Crude prices were little changed in morning trade in Europe today, following a slide over the previous two sessions. The weekly oil report from the US on Wednesday appeared to stoke bears as the international agreement reached with Iran went before congress for ratification.
The ramifications of the deal with Iran have already been considered in current oil values, according to some analysts.
“The Iran situation has already been priced in,” said Phil Flynn, senior market analyst at the Price Futures Group in Chicago. “There will be no immediate increase in exports.”
There were fears that the deal between Tehran and the six world powers agreed on Tuesday could unleash a surge of Iranian oil to the already oversupplied markets.
A consensus has emerged, however, while it is inevitable that Iran will contribute to the current level of oversupply in the oil market, it will take upwards of six months for Iran to increase output by some 300,000 to 500,000 bpd, as compared with earlier boasts by officials that as much as 1m bpd could be floated within months.
The US Energy Information Administration (EIA) reported on Wednesday that crude inventories had shrunk by 4.3 million barrels in the week through July 10, beating the consensus estimate of about 1.2 million decline. Total stocks remain more than 23 percent higher on an annual basis at 461.4 million.

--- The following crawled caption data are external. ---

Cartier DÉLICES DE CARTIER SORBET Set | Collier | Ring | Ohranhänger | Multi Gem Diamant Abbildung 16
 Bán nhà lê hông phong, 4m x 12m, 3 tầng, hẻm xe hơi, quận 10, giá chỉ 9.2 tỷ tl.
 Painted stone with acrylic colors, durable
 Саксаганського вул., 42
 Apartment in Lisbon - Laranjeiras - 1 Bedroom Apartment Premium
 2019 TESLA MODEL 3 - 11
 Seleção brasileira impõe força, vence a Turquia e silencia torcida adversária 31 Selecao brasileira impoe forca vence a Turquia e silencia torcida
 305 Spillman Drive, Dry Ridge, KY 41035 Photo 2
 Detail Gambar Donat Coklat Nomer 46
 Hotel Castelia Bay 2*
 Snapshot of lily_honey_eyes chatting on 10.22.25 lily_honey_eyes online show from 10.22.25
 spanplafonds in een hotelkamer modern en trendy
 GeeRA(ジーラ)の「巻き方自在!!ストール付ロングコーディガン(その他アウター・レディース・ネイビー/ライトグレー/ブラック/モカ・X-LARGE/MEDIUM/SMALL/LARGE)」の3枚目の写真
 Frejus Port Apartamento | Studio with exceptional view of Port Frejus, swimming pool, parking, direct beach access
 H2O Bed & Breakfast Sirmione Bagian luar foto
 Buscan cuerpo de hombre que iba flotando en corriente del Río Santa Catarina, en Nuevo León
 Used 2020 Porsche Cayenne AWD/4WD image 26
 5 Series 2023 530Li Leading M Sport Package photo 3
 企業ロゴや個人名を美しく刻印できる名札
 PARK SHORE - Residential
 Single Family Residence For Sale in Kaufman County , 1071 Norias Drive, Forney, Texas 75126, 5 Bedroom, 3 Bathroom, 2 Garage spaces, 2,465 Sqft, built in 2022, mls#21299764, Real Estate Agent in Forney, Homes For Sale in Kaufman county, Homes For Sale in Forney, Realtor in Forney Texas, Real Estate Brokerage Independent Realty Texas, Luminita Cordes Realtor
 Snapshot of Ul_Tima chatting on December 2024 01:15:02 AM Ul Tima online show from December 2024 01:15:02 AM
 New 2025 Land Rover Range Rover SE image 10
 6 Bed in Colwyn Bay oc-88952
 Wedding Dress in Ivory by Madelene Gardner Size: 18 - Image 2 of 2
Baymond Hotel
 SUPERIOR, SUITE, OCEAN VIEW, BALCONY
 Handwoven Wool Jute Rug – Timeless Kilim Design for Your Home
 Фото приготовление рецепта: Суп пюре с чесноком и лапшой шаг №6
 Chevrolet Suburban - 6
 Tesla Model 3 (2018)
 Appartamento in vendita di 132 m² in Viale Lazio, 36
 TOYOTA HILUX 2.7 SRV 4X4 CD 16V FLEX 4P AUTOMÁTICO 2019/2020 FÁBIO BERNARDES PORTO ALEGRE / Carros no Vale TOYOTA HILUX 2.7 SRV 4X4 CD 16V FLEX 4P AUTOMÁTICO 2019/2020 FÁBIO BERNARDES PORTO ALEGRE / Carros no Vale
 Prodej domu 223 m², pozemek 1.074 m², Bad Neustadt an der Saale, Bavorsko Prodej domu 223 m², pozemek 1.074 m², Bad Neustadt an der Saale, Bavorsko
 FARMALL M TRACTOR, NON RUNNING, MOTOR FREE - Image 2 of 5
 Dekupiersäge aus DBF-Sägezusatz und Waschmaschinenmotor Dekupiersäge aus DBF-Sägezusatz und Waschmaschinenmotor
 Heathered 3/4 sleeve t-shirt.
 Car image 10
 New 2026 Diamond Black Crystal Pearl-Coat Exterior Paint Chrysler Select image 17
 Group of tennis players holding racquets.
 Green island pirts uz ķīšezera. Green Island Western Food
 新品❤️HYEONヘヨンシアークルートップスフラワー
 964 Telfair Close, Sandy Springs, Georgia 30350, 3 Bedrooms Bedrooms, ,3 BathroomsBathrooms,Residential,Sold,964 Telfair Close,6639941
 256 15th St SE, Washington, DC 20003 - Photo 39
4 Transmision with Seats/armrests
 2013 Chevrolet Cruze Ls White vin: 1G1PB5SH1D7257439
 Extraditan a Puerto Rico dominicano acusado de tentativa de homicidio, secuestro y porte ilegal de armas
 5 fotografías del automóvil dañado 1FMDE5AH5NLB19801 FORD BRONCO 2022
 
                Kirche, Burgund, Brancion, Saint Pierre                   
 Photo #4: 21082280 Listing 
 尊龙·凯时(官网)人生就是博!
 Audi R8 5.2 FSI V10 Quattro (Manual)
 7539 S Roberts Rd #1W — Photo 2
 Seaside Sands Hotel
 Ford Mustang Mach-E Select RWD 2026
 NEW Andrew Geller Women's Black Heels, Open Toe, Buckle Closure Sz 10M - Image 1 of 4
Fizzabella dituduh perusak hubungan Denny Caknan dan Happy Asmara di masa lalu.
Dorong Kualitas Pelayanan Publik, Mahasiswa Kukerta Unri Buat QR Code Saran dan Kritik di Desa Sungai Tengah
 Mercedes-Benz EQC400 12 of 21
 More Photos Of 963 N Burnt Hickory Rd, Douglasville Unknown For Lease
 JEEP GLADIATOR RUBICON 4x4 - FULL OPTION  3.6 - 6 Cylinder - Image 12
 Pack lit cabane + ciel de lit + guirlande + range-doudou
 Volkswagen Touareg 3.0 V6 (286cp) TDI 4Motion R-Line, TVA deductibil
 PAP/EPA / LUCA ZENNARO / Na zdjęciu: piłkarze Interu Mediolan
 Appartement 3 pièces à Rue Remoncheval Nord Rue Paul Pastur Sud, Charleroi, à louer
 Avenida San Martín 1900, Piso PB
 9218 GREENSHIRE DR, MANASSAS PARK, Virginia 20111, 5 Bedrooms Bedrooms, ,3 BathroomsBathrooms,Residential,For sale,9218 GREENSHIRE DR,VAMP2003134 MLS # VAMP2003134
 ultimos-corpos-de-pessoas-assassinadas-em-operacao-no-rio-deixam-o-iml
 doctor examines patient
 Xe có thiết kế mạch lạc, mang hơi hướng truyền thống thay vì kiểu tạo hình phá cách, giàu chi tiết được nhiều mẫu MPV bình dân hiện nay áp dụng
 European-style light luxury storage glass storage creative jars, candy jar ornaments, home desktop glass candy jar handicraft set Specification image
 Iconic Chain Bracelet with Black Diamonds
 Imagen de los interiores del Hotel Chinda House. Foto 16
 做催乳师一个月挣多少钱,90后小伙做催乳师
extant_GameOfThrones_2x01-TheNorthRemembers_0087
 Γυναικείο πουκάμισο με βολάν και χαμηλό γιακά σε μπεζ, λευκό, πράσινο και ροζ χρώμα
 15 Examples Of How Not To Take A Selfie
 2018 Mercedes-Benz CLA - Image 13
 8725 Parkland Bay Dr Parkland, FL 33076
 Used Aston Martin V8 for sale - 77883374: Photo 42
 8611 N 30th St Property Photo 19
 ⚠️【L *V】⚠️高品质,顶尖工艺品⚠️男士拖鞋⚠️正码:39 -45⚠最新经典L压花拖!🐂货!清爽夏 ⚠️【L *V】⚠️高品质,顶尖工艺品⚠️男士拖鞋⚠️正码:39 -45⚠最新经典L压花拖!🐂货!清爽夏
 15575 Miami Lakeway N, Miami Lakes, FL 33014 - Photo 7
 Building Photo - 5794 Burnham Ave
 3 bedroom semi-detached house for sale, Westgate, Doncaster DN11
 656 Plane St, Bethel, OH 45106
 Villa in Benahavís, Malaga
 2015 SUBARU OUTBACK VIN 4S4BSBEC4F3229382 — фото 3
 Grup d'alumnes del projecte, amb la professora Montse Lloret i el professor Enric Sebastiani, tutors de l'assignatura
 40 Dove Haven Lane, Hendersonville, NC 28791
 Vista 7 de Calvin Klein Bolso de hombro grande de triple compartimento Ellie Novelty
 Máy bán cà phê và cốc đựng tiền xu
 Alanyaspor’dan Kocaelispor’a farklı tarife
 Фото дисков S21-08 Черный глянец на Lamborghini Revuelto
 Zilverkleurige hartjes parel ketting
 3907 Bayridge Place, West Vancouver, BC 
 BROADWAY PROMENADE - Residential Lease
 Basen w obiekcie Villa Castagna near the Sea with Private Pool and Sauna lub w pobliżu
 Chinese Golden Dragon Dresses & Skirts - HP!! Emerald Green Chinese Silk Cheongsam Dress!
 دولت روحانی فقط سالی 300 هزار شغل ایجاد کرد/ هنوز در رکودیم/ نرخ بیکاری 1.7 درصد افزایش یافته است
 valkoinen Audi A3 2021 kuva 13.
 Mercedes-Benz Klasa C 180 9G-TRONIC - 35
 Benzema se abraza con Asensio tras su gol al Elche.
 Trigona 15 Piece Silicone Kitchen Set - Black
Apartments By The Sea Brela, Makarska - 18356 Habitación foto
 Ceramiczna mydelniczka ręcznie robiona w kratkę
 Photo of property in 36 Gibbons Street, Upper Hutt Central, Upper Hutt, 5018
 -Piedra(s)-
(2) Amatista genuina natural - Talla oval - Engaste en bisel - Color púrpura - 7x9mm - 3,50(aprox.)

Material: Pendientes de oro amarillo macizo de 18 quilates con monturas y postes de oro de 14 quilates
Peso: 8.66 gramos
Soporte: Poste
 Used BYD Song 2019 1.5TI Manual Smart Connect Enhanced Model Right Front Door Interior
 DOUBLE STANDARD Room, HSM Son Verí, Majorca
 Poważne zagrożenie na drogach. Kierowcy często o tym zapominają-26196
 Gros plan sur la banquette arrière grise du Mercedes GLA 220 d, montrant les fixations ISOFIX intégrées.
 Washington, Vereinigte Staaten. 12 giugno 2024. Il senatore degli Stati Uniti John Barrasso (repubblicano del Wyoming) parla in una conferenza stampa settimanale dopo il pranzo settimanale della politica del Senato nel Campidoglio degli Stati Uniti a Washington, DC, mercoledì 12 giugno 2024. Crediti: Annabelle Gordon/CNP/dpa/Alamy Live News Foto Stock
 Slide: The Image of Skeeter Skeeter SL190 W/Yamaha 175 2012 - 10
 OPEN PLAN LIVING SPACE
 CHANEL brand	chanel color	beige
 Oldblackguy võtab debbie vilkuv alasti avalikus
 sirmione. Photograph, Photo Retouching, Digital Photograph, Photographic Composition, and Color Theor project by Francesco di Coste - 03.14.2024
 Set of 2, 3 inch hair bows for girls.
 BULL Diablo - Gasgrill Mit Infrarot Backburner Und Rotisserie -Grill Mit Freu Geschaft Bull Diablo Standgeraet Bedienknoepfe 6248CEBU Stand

Production also remained near record highs at 9.6 million bpd, while stocks at Cushing, Oklahoma, the biggest storage complex in the US and the delivery point for the WTI NYMEX contracts, rose to 57.1 million, more than 55 percent higher on an annual basis.
“This is the third consecutive week that we saw a build at Cushing, and it’s a bearish number,” Tariq Zahir, commodity fund manager at Tyche Capital Advisors, said as quoted by Bloomberg. “We had a crude draw. But overall we still have a lot of supplies here.”
WTI for August delivery on the New York Mercantile Exchange was unchanged at $50.91 per barrel as of 07:13 BST today, down some 16 percent on a monthly basis. September Brent on the ICE in London was up 0.04 percent at $57.00. The global benchmark has shed some 10 percent from a month ago.